Nakasone Backs Economic Reform Plan

Times Staff Writer

Prime Minister Yasuhiro Nakasone said Monday that he agrees completely with a report submitted by a blue-ribbon panel calling for an overhaul of Japan’s export-oriented economy, but spokesmen for political and commercial organizations attacked it.

The panel, headed by Haruo Maekawa, a former governor of the Bank of Japan, recommended a series of reforms to reduce the “crisis level” of current account surpluses by curbing individual savings, shifting manufacturing offshore, increasing domestic consumption, raising workers’ incomes and reducing working hours.

Masaharu Gotoda, the chief Cabinet secretary, said the report, which will be submitted to the Cabinet today, “will be promoted as government policy.” He added that the prime minister will issue a statement pledging to “honor (it) to the greatest degree possible.”

The panel’s proposals amount to virtually complete acceptance, in principle, of Reagan Administration recommendations for the structural reform of Japan’s economy.
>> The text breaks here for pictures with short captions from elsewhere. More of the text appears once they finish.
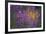 Purple Breeze-Peter Lilja-Framed Giclee Print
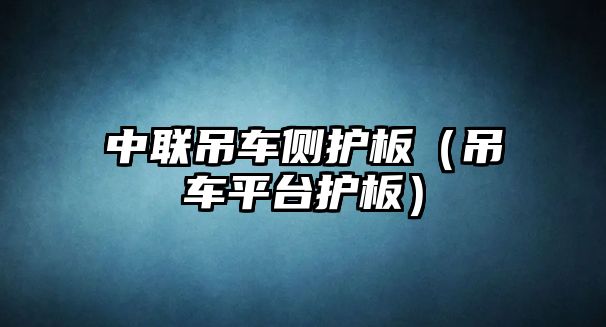 中聯吊車側護板（吊車平臺護板）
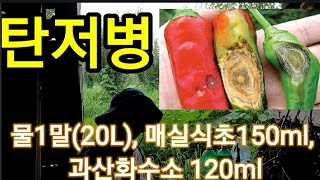 장마철 고추 탄저병 막자! Let's stop the anthrax pepper in the rainy se…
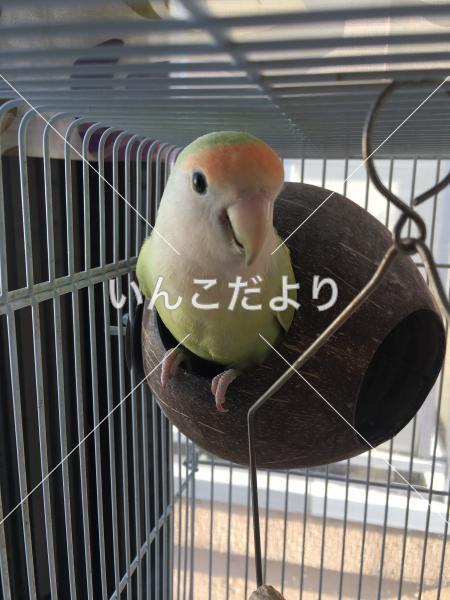 迷い鳥の写真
U.S. Ambassador Mike Mansfield said in February that such reform was “the most crucial action item on Japan’s economic agenda.”


However, the Maekawa panel’s report failed to spell out any specific goals or any deadlines for its proposals.

Widespread Criticism

Outside the government, the report was greeted by nearly unanimous criticism. All of the opposition parties except the Communist Party condemned it for failing to spell out immediate policies to cope with an economic downturn that many fear lies ahead this year as a result of a setback in export profits brought on by a steep appreciation in the value of the yen. The Communists scored the report for yielding to U.S. demands for fundamental reform of Japan’s economy.

Yoshihiko Inayama, chairman of the Federation of Economic Organizations, expressed fear that the report might encourage the government to treat lightly the importance of savings and to “mistakenly beautify consumption.”


Noboru Goto, chairman of the Japan Chamber of Commerce, warned that drastic reformation of Japan’s industrial structure would imperil small enterprises.

Bunpei Otsuki, head of the Federation of Employers Assns., criticized the report’s recommendations for shorter working hours and extended vacations.

The prime minister has said the report by the Advisory Commission for Economic Structural Adjustment for International Harmony is proof that Japan intends to reduce its trade surpluses. He said he will cite the report to President Reagan when he meets with him Sunday and Monday in the United States and to the other leaders of the advanced industrial nations who are to meet here May 4-6 for an economic summit conference.

Maekawa told foreign correspondents here that what is needed most urgently is implementation of a government policy to enlarge domestic demand to pull in more imports. He cited housing and urban redevelopment as the keys to bolstering economic growth not led by exports.


Last year, Japan recorded a $49.3-billion surplus in its global current account, the sum of trade and non-trade transactions, including shipping and insurance costs and spending by tourists.